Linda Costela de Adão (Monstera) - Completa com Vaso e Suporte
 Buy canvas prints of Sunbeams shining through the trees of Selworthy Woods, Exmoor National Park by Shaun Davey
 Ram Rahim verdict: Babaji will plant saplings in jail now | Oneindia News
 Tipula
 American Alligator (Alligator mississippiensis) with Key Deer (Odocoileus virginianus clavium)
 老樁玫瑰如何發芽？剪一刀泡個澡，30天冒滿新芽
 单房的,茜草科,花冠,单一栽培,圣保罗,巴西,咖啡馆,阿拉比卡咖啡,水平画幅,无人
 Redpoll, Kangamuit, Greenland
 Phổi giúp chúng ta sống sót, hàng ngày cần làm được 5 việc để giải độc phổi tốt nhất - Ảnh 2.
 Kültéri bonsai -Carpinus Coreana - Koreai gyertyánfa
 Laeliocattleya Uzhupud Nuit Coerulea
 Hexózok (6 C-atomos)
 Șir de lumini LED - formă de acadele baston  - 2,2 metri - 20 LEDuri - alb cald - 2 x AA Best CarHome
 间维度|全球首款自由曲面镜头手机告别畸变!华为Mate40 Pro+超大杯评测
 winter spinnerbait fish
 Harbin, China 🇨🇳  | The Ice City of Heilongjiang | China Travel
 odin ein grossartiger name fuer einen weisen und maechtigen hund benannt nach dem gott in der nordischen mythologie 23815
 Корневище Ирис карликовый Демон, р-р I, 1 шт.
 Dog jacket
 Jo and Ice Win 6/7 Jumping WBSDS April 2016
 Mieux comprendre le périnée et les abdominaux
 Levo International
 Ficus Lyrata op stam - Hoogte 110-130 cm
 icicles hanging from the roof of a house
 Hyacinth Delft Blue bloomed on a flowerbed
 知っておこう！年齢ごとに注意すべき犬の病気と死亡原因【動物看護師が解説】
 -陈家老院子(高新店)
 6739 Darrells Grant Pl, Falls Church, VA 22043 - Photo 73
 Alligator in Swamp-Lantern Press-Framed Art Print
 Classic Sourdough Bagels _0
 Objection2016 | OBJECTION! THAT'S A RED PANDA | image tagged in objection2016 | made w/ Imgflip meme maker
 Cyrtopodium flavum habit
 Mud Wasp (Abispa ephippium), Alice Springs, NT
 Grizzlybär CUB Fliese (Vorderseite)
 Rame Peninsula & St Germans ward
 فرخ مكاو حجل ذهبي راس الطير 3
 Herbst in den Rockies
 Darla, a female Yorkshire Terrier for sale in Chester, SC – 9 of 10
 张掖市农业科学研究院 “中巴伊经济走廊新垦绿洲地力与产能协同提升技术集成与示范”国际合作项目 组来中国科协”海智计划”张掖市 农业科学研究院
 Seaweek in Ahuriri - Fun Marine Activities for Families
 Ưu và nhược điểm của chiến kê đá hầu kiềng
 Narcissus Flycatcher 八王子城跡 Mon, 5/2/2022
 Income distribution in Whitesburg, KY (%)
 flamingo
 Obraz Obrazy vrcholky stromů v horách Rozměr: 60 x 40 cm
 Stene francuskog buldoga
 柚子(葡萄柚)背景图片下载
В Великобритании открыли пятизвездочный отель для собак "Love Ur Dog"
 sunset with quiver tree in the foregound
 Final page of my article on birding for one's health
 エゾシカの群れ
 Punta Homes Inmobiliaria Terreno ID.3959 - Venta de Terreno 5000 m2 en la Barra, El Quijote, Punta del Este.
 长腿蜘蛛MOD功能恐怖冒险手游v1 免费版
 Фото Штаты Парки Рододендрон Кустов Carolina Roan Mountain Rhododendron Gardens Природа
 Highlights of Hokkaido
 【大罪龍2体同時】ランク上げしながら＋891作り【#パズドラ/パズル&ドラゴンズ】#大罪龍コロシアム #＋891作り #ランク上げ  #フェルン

* [What you should do]:
Output the lines from the one with "Фото Штаты Парки" to the final line of the entries above, exactly as they stand, please, and nothing else.

* [Response for this exercise]:
 Фото Штаты Парки Рододендрон Кустов Carolina Roan Mountain Rhododendron Gardens Природа
 Highlights of Hokkaido
 【大罪龍2体同時】ランク上げしながら＋891作り【#パズドラ/パズル&ドラゴンズ】#大罪龍コロシアム #＋891作り #ランク上げ  #フェルン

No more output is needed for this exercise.